- _What is required_
Restate the data exactly as given and keep the pictures out.

- _Data entries_
*-*-*

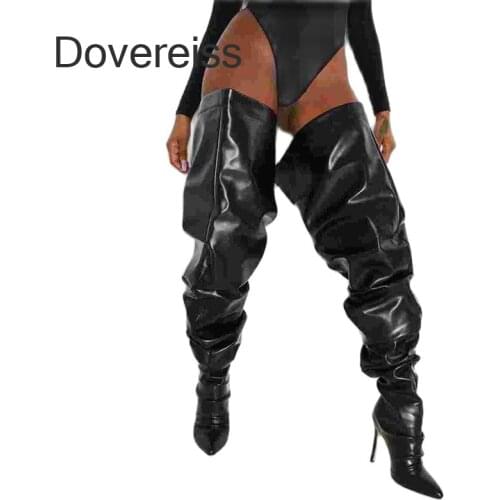 Dovereiss Fashion Womens Shoes Winter Sexy Catwalk Boots Pointed Toe Stilettos Heels Thigh High Boots Over The Knee Boots 42 43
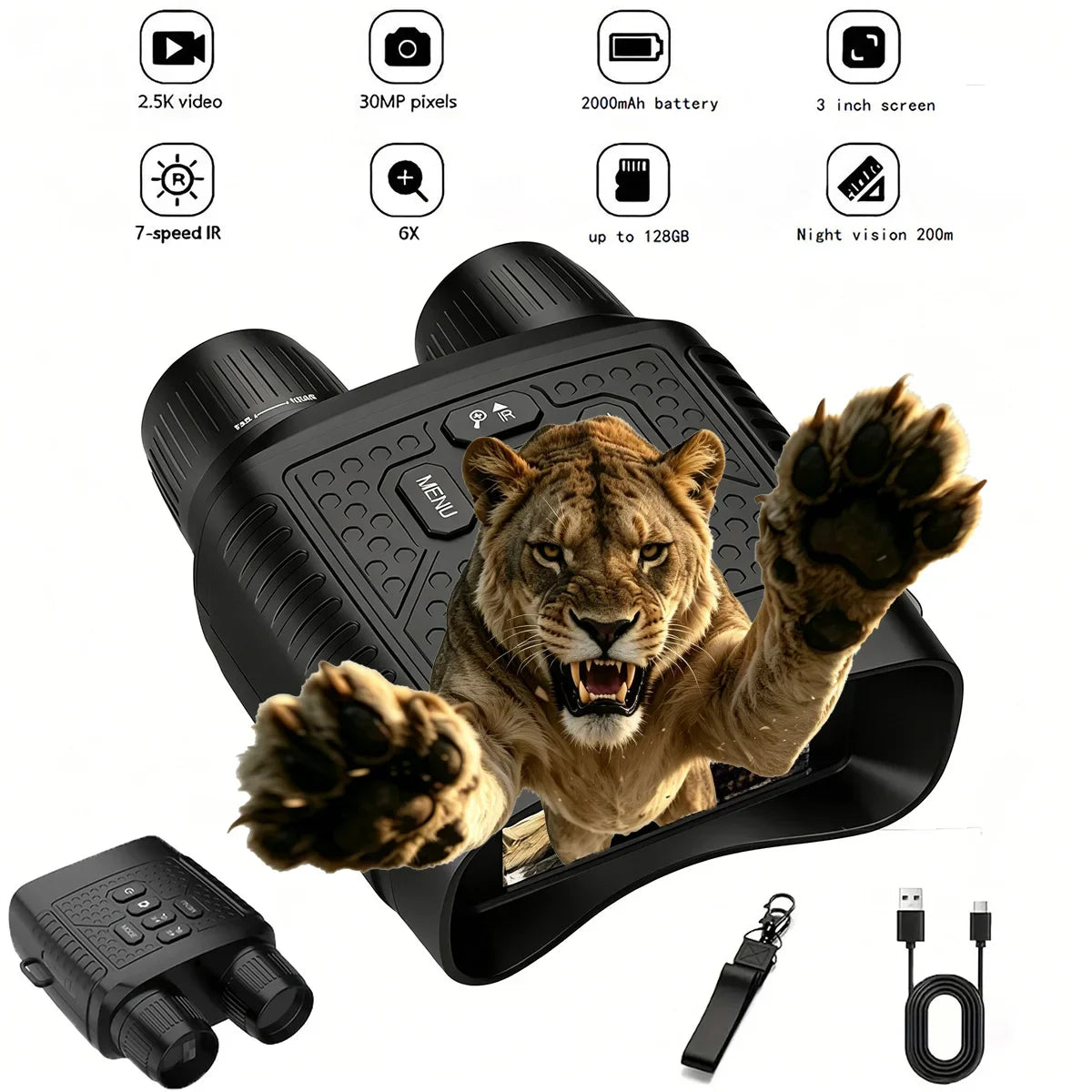 Digital Night Vision Binoculars With Infrared Recording For Wildlife Observation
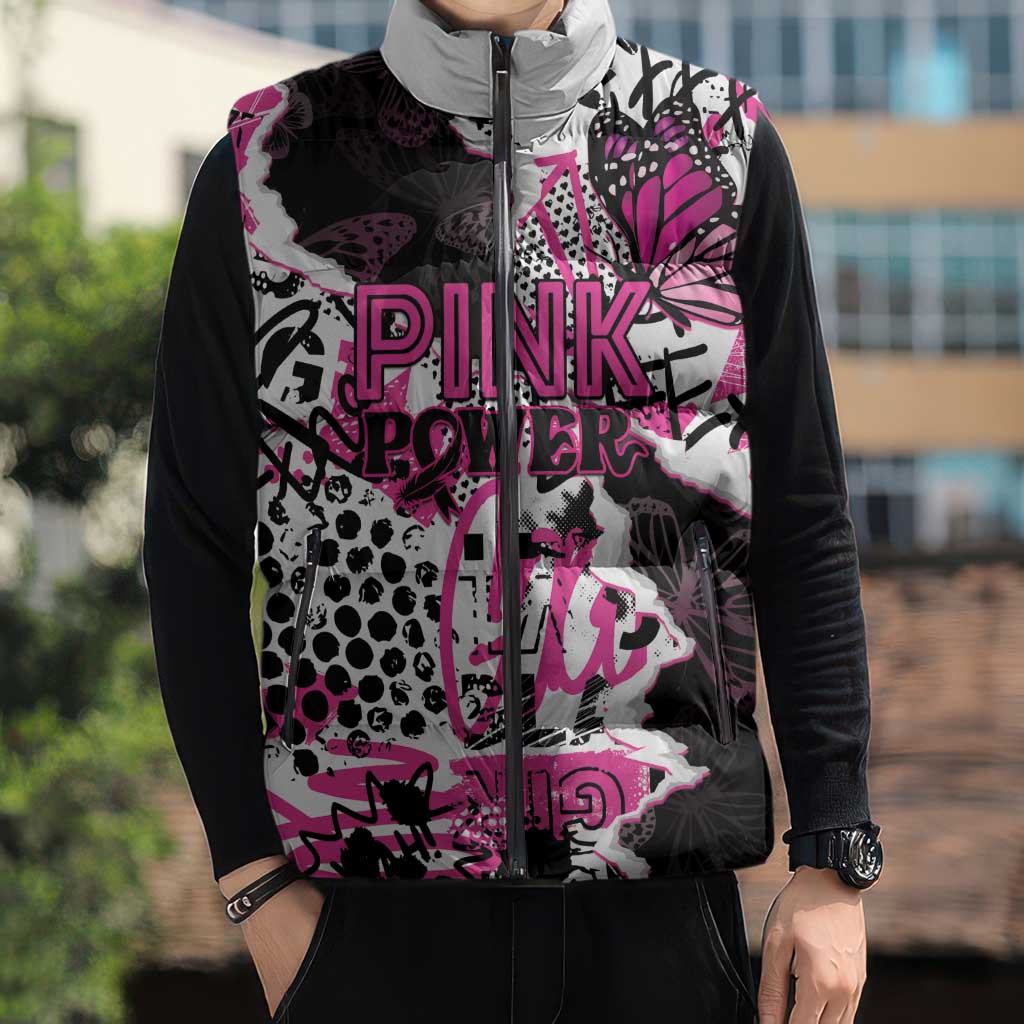 Personalized Pink Power Graffiti Sleeveless Puffer Jacket Breast Cancer Awareness - Wonder Print Shop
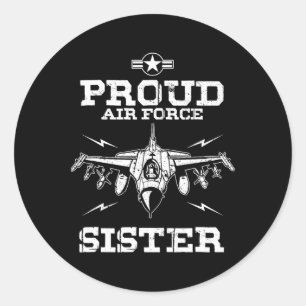4th Of July Day Sibling Proud Air Force Sister Classic Round Sticker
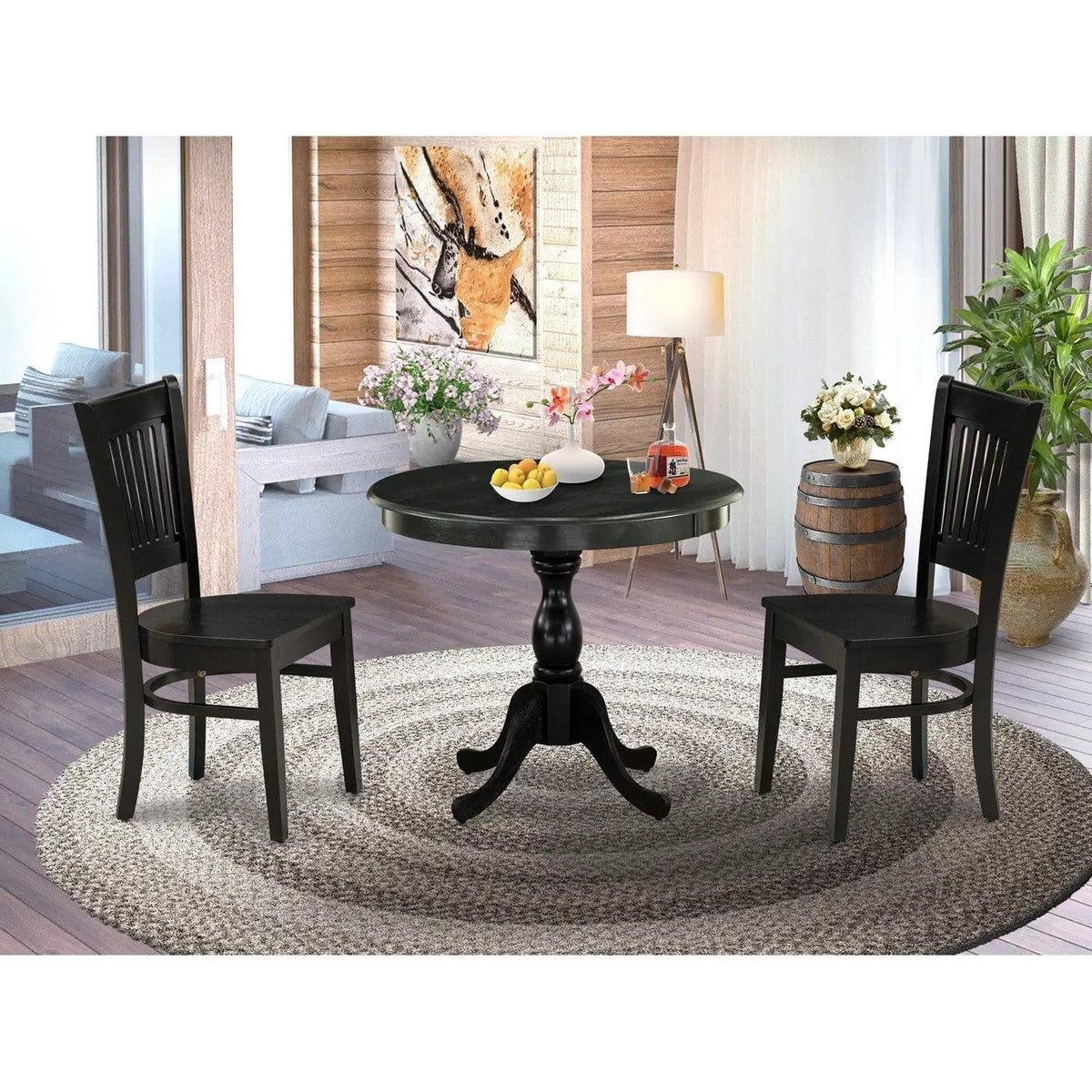 EAST WEST FURNITURE AMVA3-BLK-W 3-Pc Dinette Room Set- 2 Modern Dining Room Chair | 3-Piece Set | Solid Wood | Wooden Seat and Slatted Chair Back (Black Finish)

*-*-*

- _Solution to this problem_
 Dovereiss Fashion Womens Shoes Winter Sexy Catwalk Boots Pointed Toe Stilettos Heels Thigh High Boots Over The Knee Boots 42 43
 Digital Night Vision Binoculars With Infrared Recording For Wildlife Observation
 Personalized Pink Power Graffiti Sleeveless Puffer Jacket Breast Cancer Awareness - Wonder Print Shop
4th Of July Day Sibling Proud Air Force Sister Classic Round Sticker
 EAST WEST FURNITURE AMVA3-BLK-W 3-Pc Dinette Room Set- 2 Modern Dining Room Chair | 3-Piece Set | Solid Wood | Wooden Seat and Slatted Chair Back (Black Finish)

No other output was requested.